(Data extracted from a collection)
- - - - -

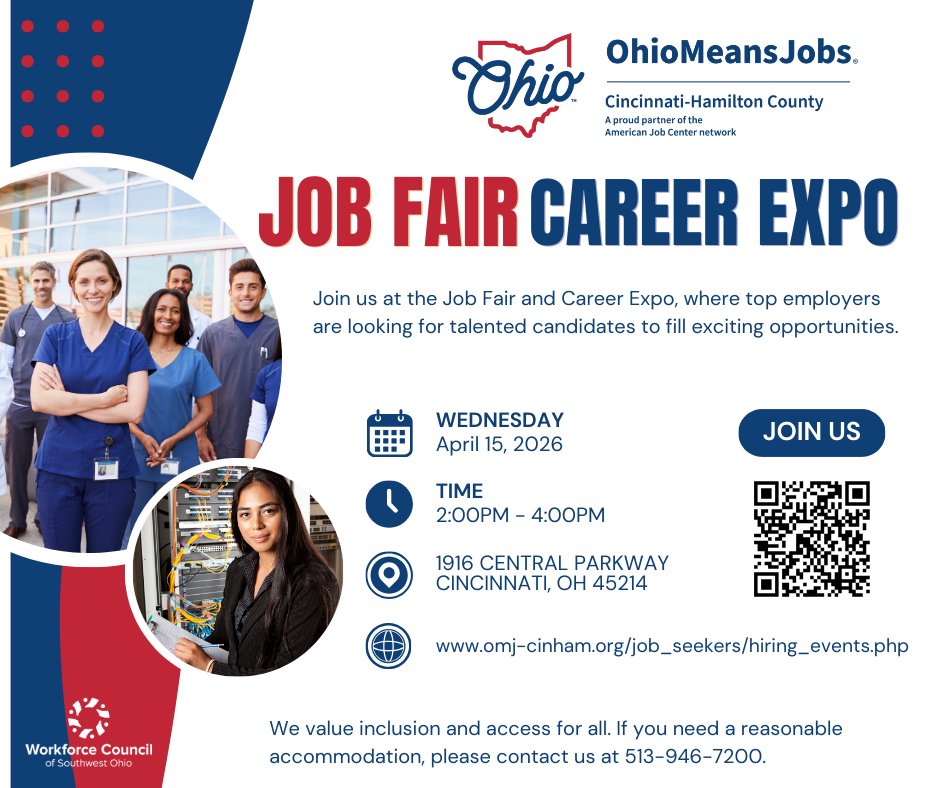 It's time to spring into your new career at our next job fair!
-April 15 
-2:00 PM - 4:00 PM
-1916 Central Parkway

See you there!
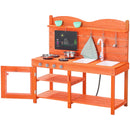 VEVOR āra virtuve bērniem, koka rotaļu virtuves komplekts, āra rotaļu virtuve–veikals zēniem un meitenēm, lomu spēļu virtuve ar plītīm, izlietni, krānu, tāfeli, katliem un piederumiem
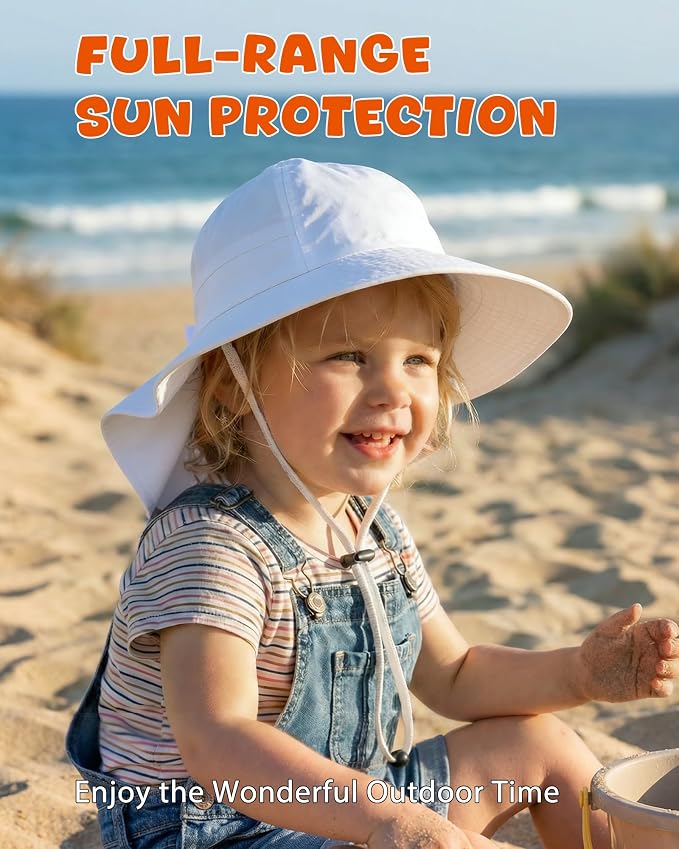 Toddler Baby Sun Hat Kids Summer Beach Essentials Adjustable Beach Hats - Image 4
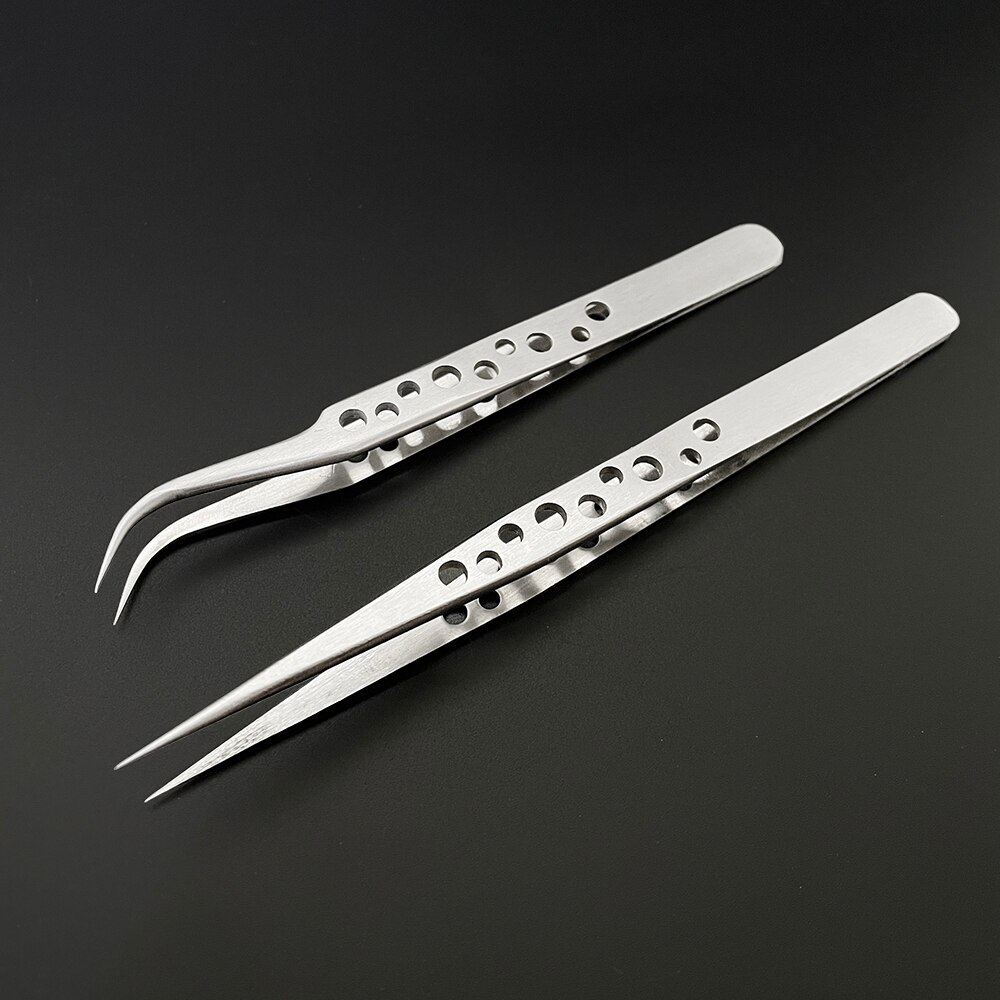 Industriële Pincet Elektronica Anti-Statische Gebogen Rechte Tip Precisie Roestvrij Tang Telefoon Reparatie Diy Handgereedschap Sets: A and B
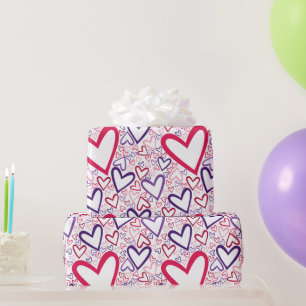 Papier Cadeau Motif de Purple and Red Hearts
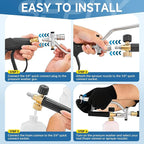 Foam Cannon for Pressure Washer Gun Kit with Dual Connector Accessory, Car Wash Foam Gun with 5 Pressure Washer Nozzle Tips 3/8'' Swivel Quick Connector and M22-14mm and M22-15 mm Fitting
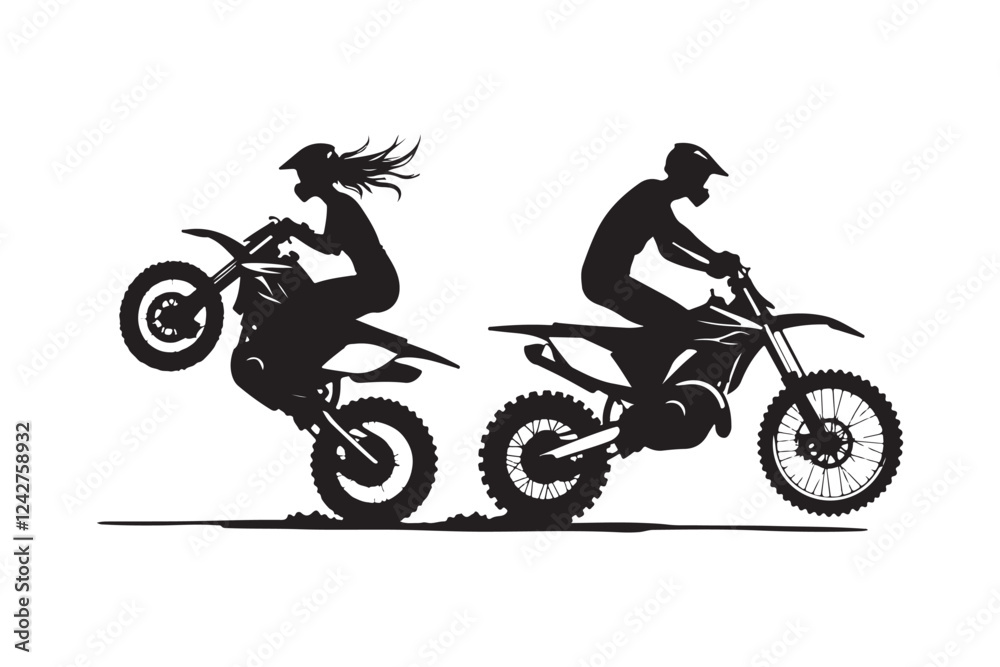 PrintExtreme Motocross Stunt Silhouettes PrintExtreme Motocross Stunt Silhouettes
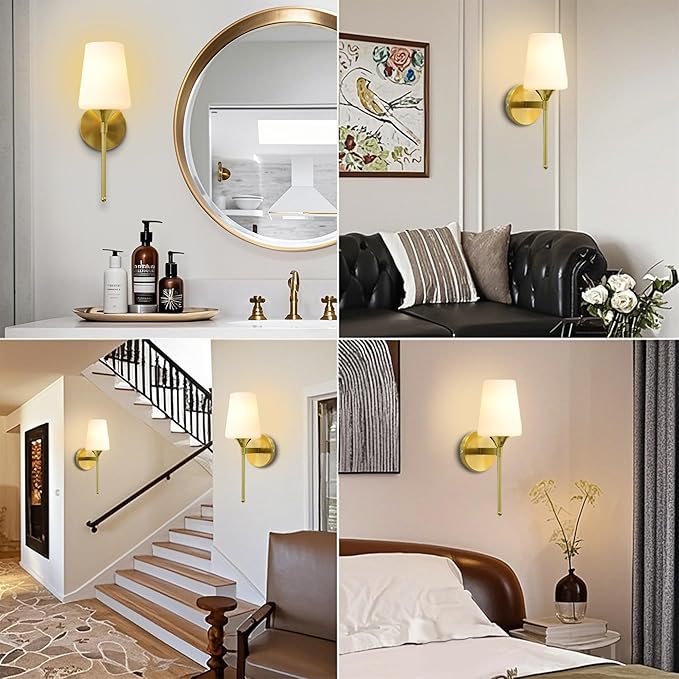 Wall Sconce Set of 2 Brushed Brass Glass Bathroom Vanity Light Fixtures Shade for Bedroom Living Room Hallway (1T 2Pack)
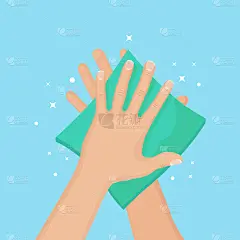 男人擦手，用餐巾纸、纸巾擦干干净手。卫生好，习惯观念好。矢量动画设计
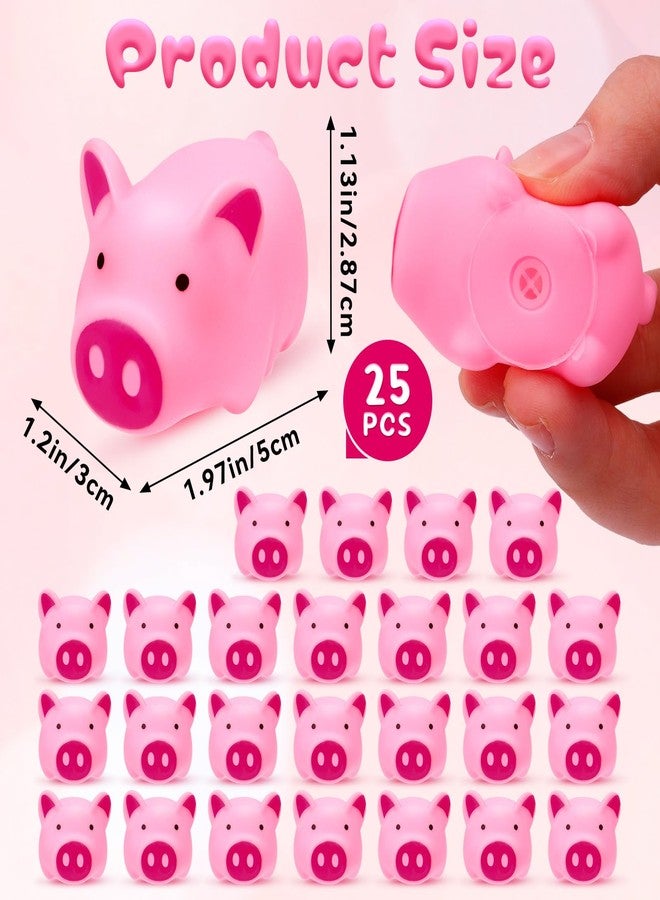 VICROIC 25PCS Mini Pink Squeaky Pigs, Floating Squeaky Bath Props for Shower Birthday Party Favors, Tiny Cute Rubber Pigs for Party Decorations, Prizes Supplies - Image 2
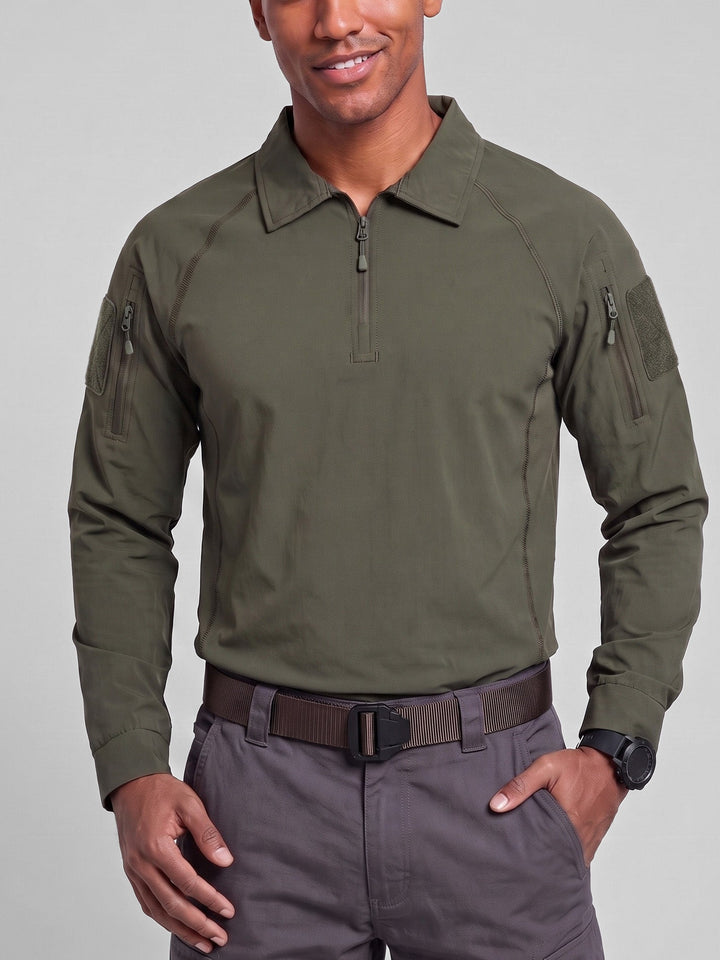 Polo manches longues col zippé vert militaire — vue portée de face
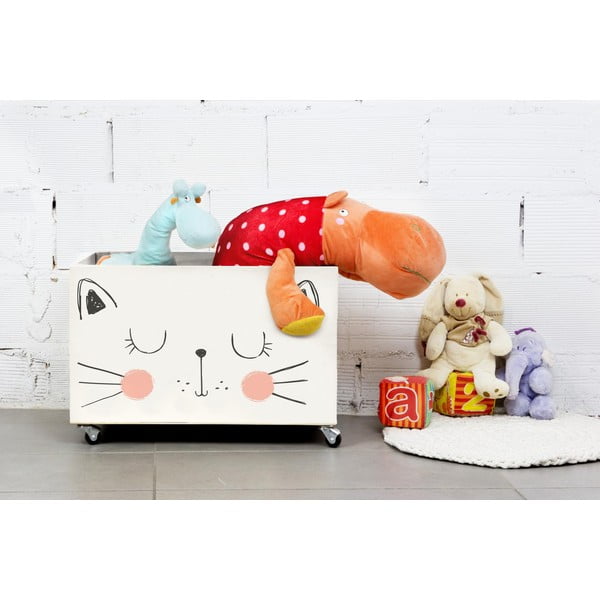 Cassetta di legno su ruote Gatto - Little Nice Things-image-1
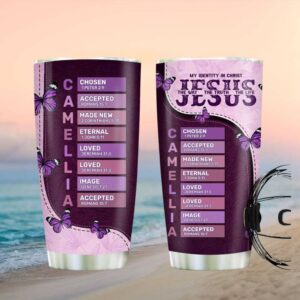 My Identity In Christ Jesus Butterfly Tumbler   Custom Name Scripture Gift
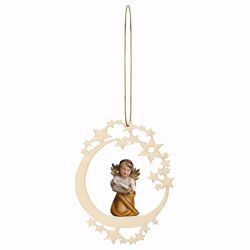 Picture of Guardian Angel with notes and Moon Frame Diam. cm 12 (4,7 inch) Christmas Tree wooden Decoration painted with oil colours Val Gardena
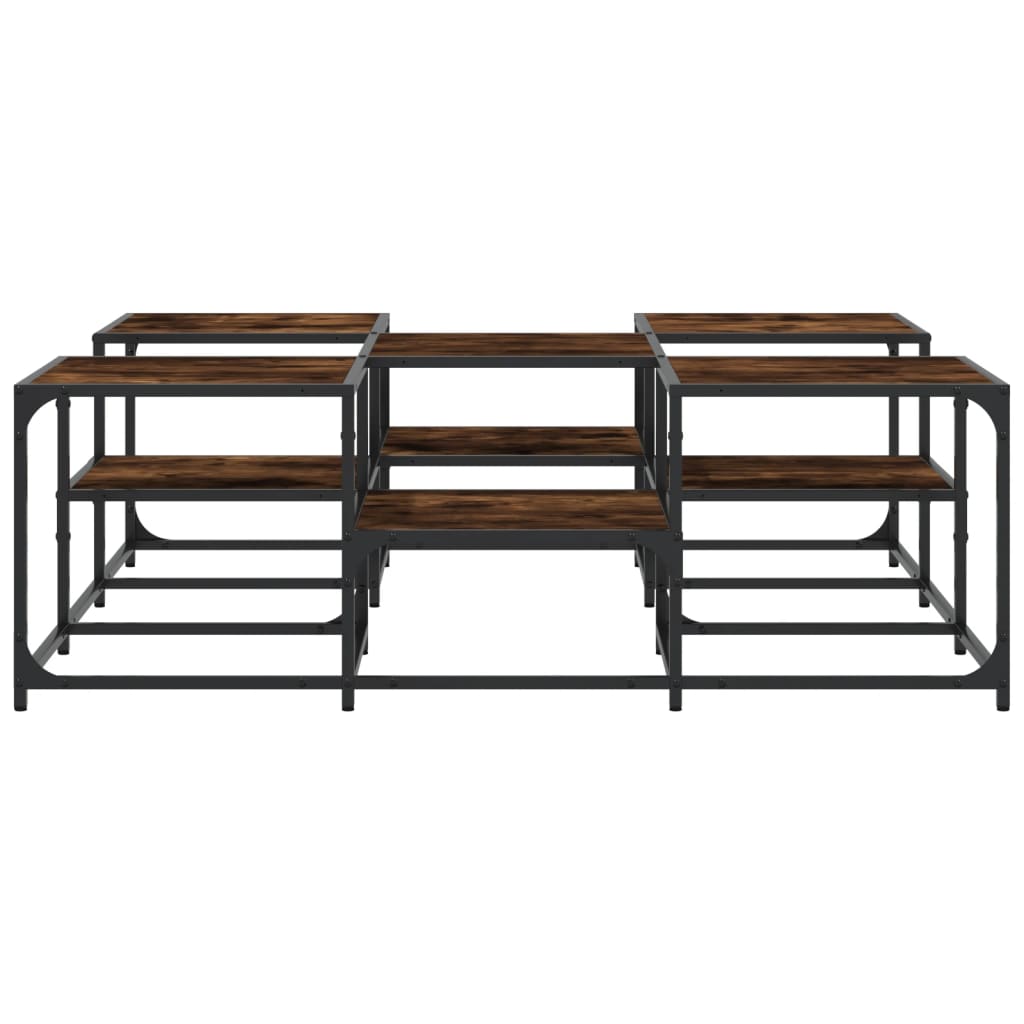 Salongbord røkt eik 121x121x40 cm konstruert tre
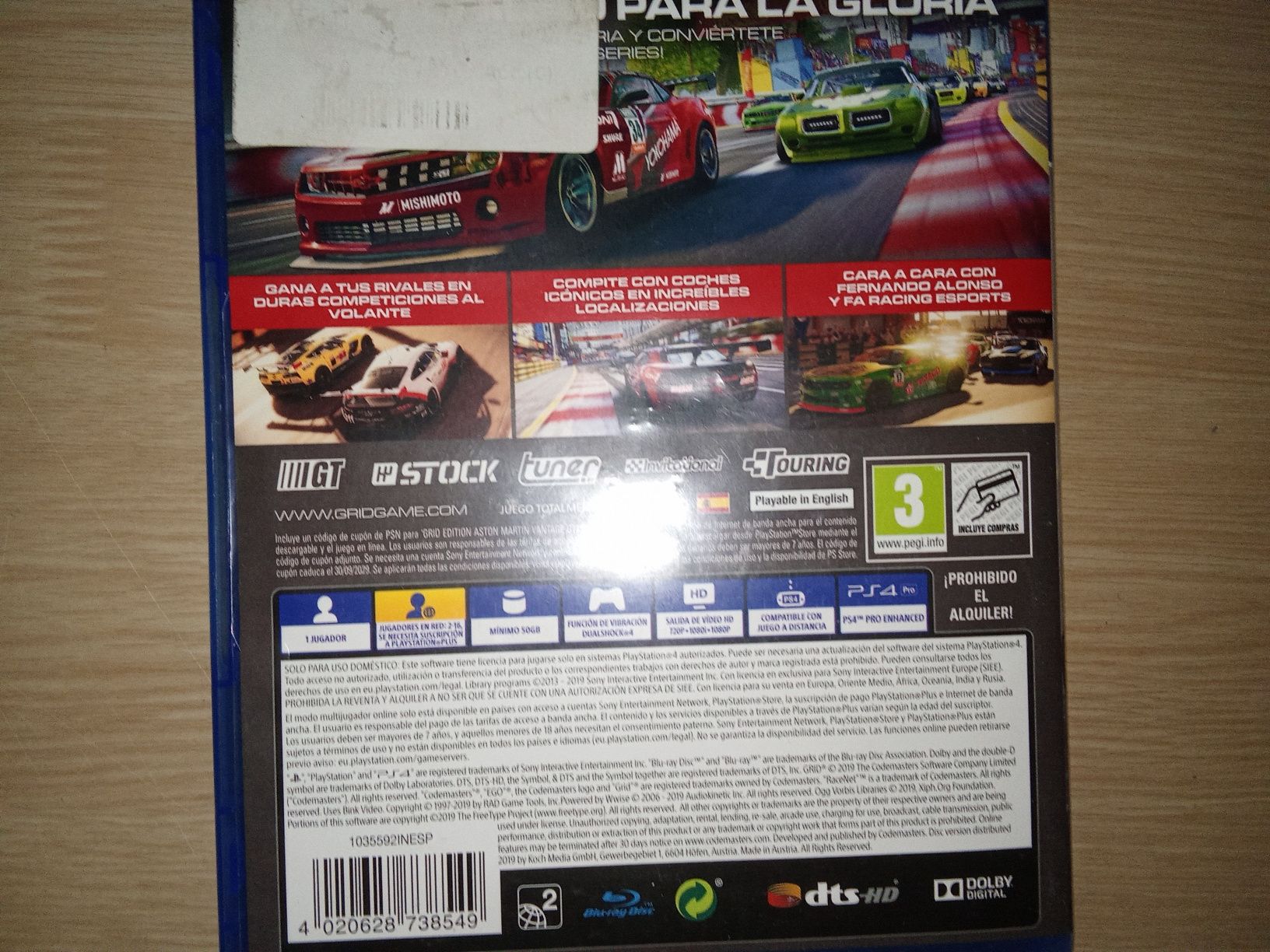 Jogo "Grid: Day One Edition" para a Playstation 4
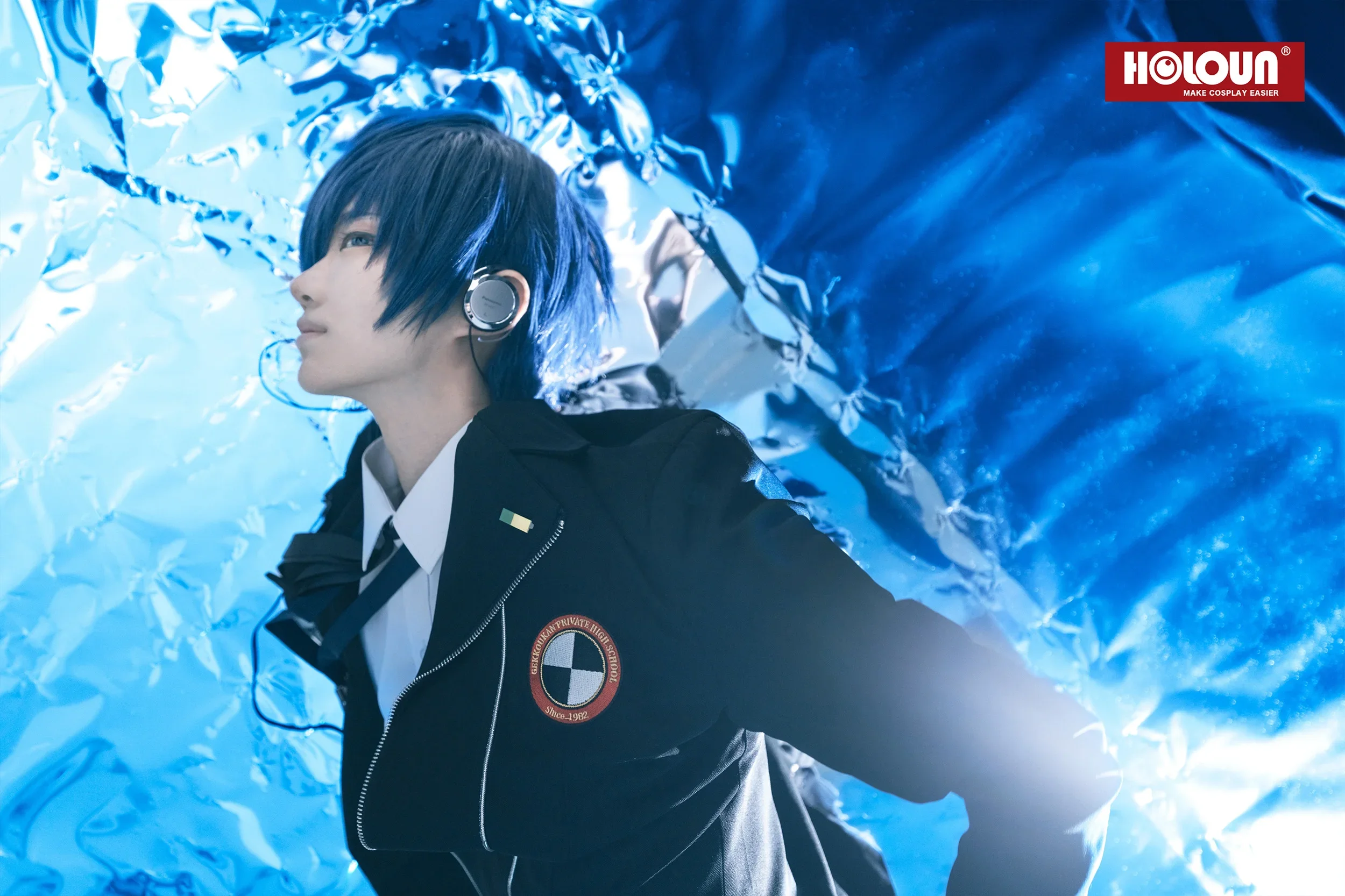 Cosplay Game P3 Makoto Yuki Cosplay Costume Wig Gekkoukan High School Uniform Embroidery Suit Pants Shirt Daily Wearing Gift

- - - - -

- _Task brief_
Both the line above containing "VEVOR āra virtuve" and the line containing "Papier Cadeau Motif de Purple and Red Hearts" belong in the copy, along with every line between them; print these exactly and omit the pictures.

- _Answer box_
 VEVOR āra virtuve bērniem, koka rotaļu virtuves komplekts, āra rotaļu virtuve–veikals zēniem un meitenēm, lomu spēļu virtuve ar plītīm, izlietni, krānu, tāfeli, katliem un piederumiem
 Toddler Baby Sun Hat Kids Summer Beach Essentials Adjustable Beach Hats - Image 4
 Industriële Pincet Elektronica Anti-Statische Gebogen Rechte Tip Precisie Roestvrij Tang Telefoon Reparatie Diy Handgereedschap Sets: A and B
 Papier Cadeau Motif de Purple and Red Hearts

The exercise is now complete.